Simple ASCII diagram with management/collector IPs:

                           +----------------------+
                           |   FlowCollector      |
                           |   management: 192.0.2.10 |
                           |   hostname: collector.lab.nhprep.com |
                           +----------+-----------+
                                      |
                                      | 192.0.2.10/24 (mgmt)
                                      |
                  +-------------------+-------------------+
                  |                                       |
             +----+----+                             +----+----+
             |   R1    |                             |   R2    |
             | Core    |                             | Edge    |
             | mgmt: 192.0.2.1 |                     | mgmt: 192.0.2.2 |
             +----+----+                             +----+----+
                  |                                       |
            Gi0/0 | 10.0.0.1/30                      Gi0/0| 10.0.0.2/30
                  +-------------------+-------------------+
                                      |
                                   SW1 (Distribution)
                                   (access switches and leafs)

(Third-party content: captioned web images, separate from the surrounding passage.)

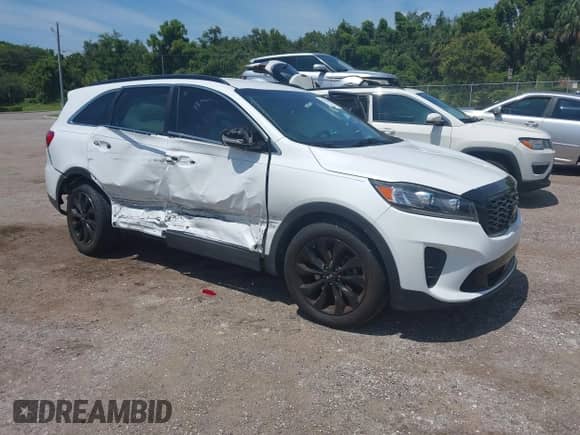 2020 Kia Sorento LX с VIN 5XYPG4A52LG659708, выставлен на аукционе IAAI как лот 43122688 с пробегом 83 141 миль миль и . История ставок и продаж доступна на DreamBid. Изображение 1.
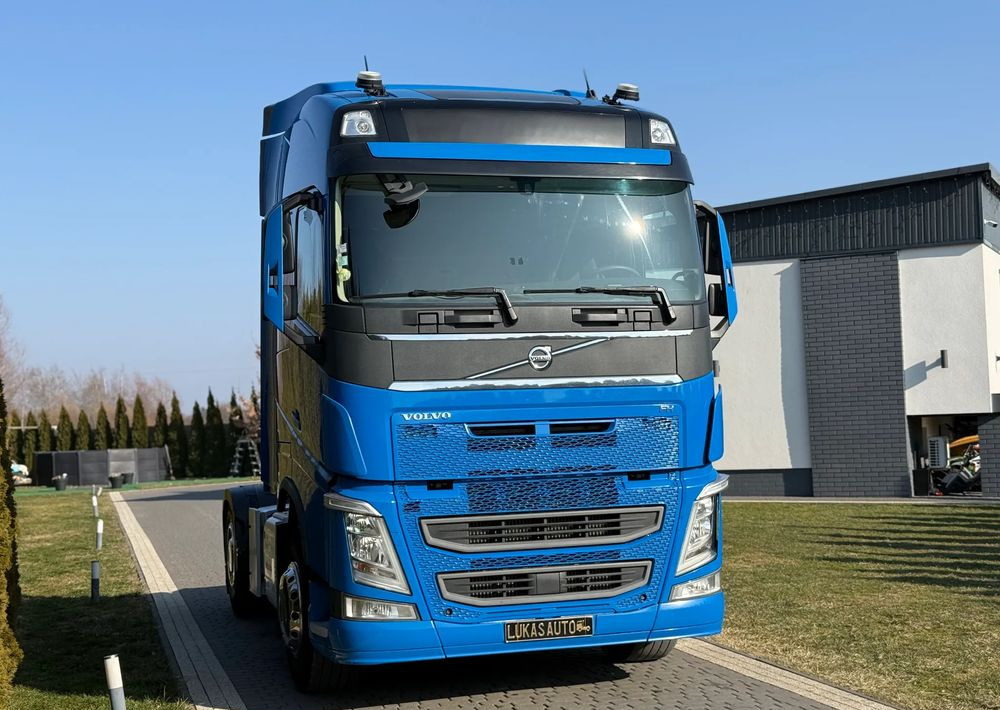 Volvo FH 500 HYDRAULIKA - Cabeza tractora: foto 3 Volvo FH 500 HYDRAULIKA - Cabeza tractora: foto 3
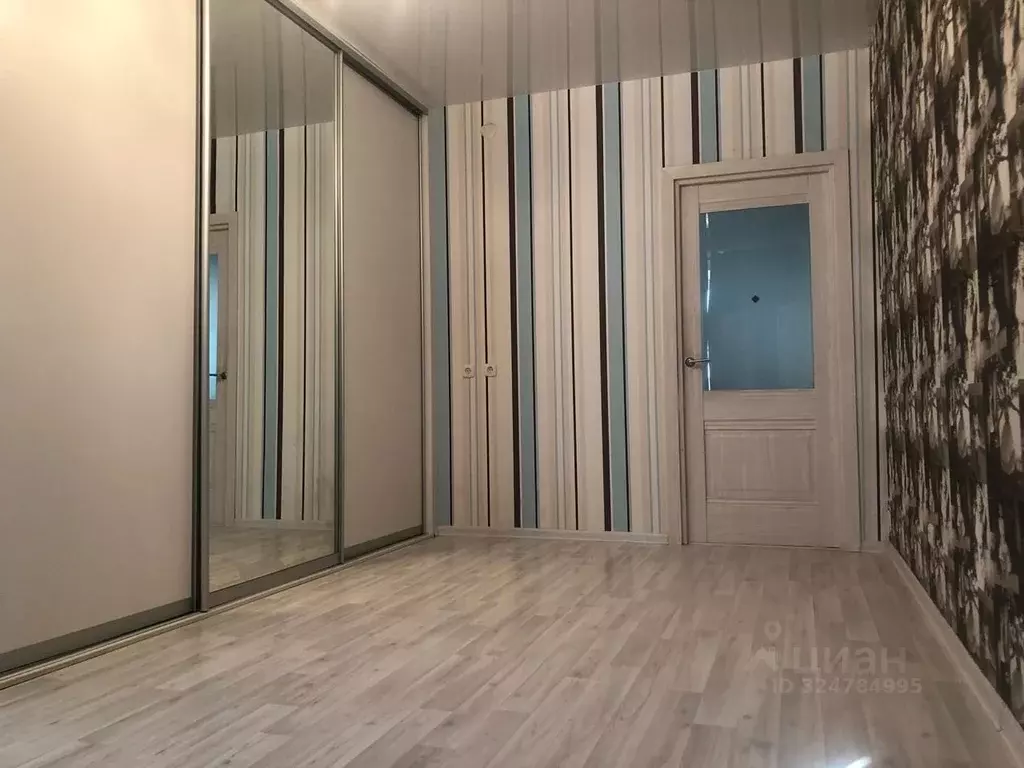 3-к кв. Свердловская область, Екатеринбург ул. Рощинская, 69 (66.6 м) - Фото 2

Interfaces shown include management IPs on the management network 192.0.2.0/24 and a data-plane link 10.0.0.0/30 between R1 and R2. Use these addresses when configuring telemetry and access.

Key Concepts

  • SNMP polling: SNMP (Simple Network Management Protocol) is used to poll devices for counters (interface octets), CPU, and memory values. Polling frequency affects accuracy and load — too-fast polling increases device overhead; too-slow polling loses granularity. In production, poll intervals commonly range from 30s to 300s depending on tolerance for variance.

    Protocol behavior: SNMP uses UDP by default (port 161 for queries, 162 for traps). When you configure an SNMP community or user, the collector queries OIDs such as ifInOctets/ifOutOctets to derive bandwidth.

  • NetFlow (sFlow/Flexible NetFlow): NetFlow exports provide per-flow records (source/destination, ports, bytes, packets) that are useful for traffic engineering and top-talkers. Exports are buffered on device and sent to a collector; export interval and packetization affect bandwidth used for telemetry.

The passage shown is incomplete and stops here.